Learning support teacher Laura Martin and her colleague Fiona Boyle take the youngsters through their lessons. At playtime the children converge in the school playground with their hurls and helmets — a beacon of life during the day, when most parents work away from the parish. Only two families in the 2012 roll call at the school are full-time farmers.
Labour Senator John Whelan has led the charge against the cutbacks in rural national schools. “My serious concern is that this was viewed as purely a teacher numbers issue by Minister Quinn and his officials. It has to be viewed in a broader context,” he said.
“As originally envisaged, it would have had a devastating impact on the sustainability of life in rural ireland. Schools are integral to the viability of communities, especially in the context of increased emigration, increased unemployment and the loss of Garda stations, post offices and a raft of other community hubs. It can’t be all about book balancing. We have to look at the social consequences. If we lose schools in September this year, the following year or the year after, it will lead to rural depopulation and rural dereliction. We won’t just have ghost estates, we will have ghost villages.”
Despite the apparent U-turn on the issue, it now looks as though some parts of the country will still be devastated, especially in the West.
In Galway East — a constituency that hasn’t returned a senior minister in living memory — eight schools are affected. Roscommon-South Leitrim also has eight schools facing teacher cutbacks; Longford-Westmeath has six schools under threat; and Donegal South West, five.
Labour Senator John Kelly from Roscommon told the Sunday Independent he was deeply concerned that from a per head of population perspective, “Roscommon seems to have got the greatest hit, with eight schools under threat of losing a teacher.”

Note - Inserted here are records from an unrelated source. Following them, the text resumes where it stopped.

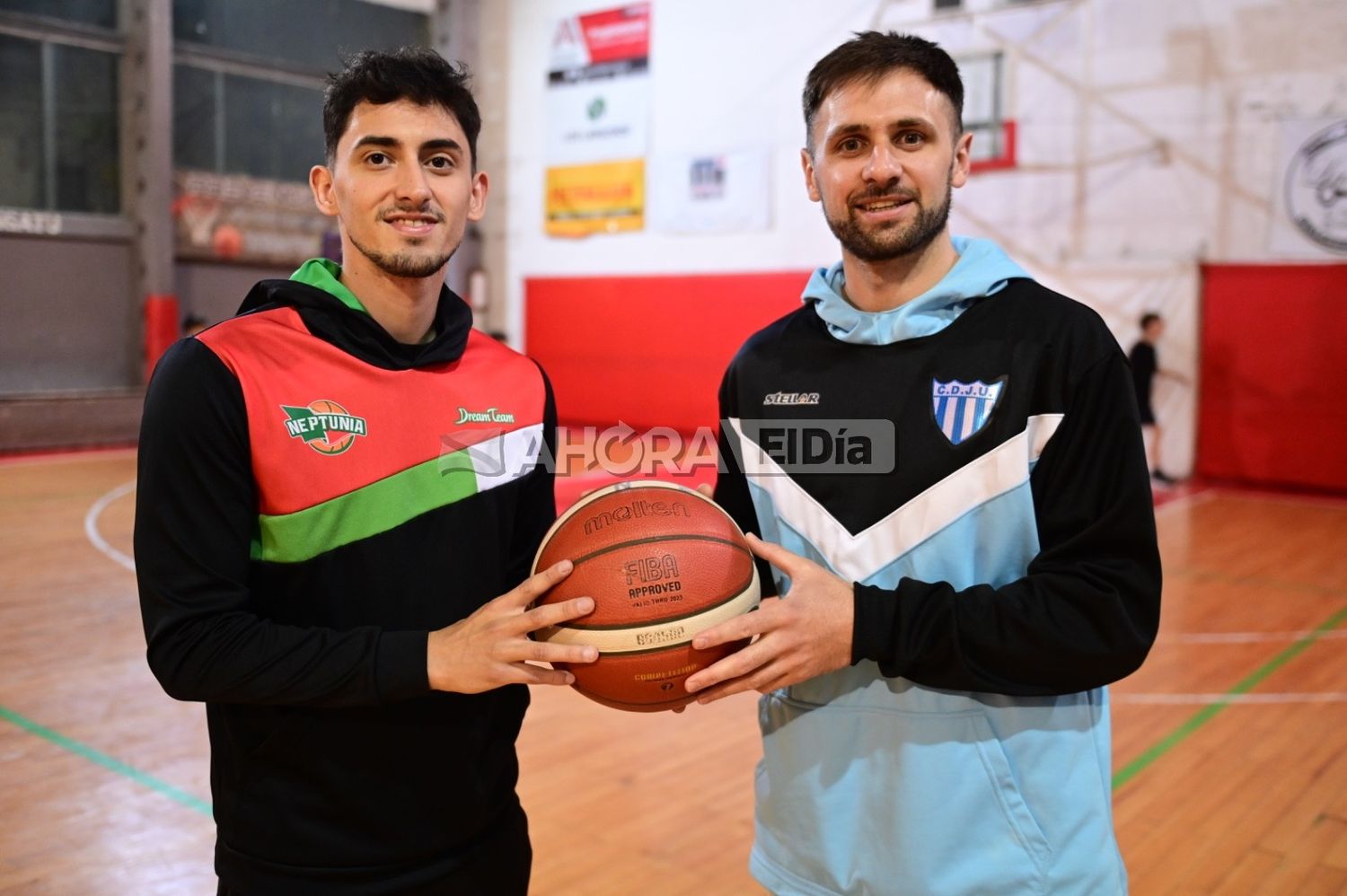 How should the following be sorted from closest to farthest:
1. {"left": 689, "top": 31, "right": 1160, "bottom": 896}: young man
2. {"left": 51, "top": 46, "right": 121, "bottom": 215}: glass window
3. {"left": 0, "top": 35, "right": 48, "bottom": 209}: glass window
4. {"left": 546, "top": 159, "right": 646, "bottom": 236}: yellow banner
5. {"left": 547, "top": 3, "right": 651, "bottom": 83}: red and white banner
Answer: {"left": 689, "top": 31, "right": 1160, "bottom": 896}: young man, {"left": 0, "top": 35, "right": 48, "bottom": 209}: glass window, {"left": 51, "top": 46, "right": 121, "bottom": 215}: glass window, {"left": 547, "top": 3, "right": 651, "bottom": 83}: red and white banner, {"left": 546, "top": 159, "right": 646, "bottom": 236}: yellow banner

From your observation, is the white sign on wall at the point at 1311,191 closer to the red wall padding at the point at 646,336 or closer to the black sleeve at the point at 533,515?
the red wall padding at the point at 646,336

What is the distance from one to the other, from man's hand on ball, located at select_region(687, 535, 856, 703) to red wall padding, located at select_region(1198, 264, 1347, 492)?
8975 mm

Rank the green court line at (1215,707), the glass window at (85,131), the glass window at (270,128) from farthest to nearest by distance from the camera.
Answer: the glass window at (270,128) → the glass window at (85,131) → the green court line at (1215,707)

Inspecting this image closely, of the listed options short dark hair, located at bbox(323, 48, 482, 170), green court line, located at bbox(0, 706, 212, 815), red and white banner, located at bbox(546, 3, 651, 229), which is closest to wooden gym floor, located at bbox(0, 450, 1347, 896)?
green court line, located at bbox(0, 706, 212, 815)

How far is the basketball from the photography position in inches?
58.1

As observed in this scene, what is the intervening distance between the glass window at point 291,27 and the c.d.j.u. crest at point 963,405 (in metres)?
11.4

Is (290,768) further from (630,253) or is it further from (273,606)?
(630,253)

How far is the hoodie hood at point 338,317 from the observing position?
160cm

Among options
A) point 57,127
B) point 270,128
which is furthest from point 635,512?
point 270,128

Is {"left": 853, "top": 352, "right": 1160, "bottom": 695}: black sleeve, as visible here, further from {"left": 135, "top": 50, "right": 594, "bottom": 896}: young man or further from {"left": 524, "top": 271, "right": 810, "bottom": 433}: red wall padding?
{"left": 524, "top": 271, "right": 810, "bottom": 433}: red wall padding

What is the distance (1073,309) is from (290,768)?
127 cm

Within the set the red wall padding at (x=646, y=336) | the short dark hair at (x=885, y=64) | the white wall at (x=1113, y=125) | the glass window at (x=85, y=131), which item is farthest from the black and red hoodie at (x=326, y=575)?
the glass window at (x=85, y=131)

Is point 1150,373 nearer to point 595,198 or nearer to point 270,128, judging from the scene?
point 595,198

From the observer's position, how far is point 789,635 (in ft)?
4.58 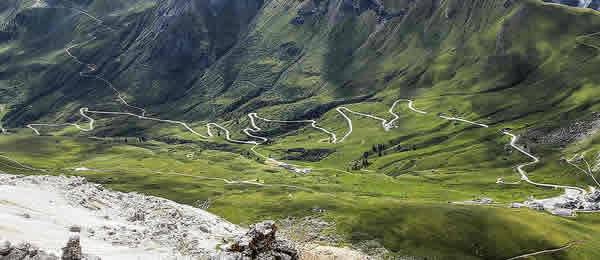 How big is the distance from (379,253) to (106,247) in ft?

He added: “I am not happy about that. I believe that by purely assessing the savings involved we forget the social and economic benefits small schools are to rural areas. I am years campaigning for fair play for rural Ireland and I will continue to push the Minister for Education to give a degree of leniency to schools that may lose a teacher over one or two pupils.”
Senator James Heffernan is also unconvinced that the threat to rural schools has receded. “Although the minister has said that there is an effective appeal procedure in place, I believe that the changes this year are the thin end of the wedge. As a former teacher, it is my view that the changes next year and the year after will have the potential to be devastating for rural life in Ireland. Should schools lose teachers and be forced to close down, it would be the last straw for life in rural Ireland,” the senator said.
“In Co Limerick there are around 60 schools with four or fewer teachers. These schools are the heart of their communities. If they were to be lost, it would be a major societal blow for those communities and parishes and indeed to the future of organisations like the GAA which is organised on parish lines.”
Meanwhile, Enda Kenny’s political heartland of Mayo which is the third largest county, but only 15th in terms of population, has just four schools affected.